The Lady and the Valley thrives when it stays focused on Liz’s daring scam, backed up by firsthand stories from family members and colleagues who describe her as both a crafty con man and a doting wife and mother. For the majority of the first three episodes, it proves an entertaining gonzo portrait of rebellious self-definition as Liz strives to break legal and social norms to make something of herself. Sadly, by the time the final episode rolls out, Cammilleri and Drucker’s series falls in love with arousing sympathy for the subject as a victim of intolerant anti-discrimination, largely due to the media’s stance on Liz – led by Carlson, whose son Tucker continues his ugly legacy on Fox News – was to ridicule and humiliate her as a man posing as a woman in order to escape law enforcement. (Dick Carlson eventually won a Peabody for his transphobic coverage of Carmichael and would later make headlines for his performance against transgender tennis player Renee Richards.)

… The media’s stance on Liz – led by Carlson, whose son Tucker continues his ugly legacy on Fox News – was to ridicule and humiliate her as a man posing as a woman in order to escape law enforcement .

That Liz was treated unfairly (and sometimes horribly) by journalists is undeniable from the archive footage on display. But through talking commentary and a score that conveys his festive attitude, The Lady and the Valley tries to portray Liz as an unfairly persecuted trans-outlaw hero who just doesn’t fit in with her significant rap magazine.
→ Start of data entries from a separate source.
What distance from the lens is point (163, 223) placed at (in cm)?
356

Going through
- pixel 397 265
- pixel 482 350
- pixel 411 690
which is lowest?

To do this, it downplays and / or rationalizes its crime, only trapping it in messy and dubious logic. Most confusingly of all, the series claims that Liz’s trans identity wasn’t a hoax and thus was unrelated to her crime (which makes sense), only to turn around and claim that if she were in a different, more tolerant era Growing up, she could have lived a very different, law-abiding life – a contradictory attitude that ultimately suggests a link between her transness and chronic quackery.

Consequently, The Lady and the Valley eventually loses the thread, culminating in a history lesson about maligned trans men and women who, by its addition, portrays Liz more as a like-minded oppressed pioneer than the bizarre con man she was until her death. It is eventually so consumed by infusing his material with hagiographic import – with the making of Liz’s saga meaningful– that it forgets what made it so attractive in the first place.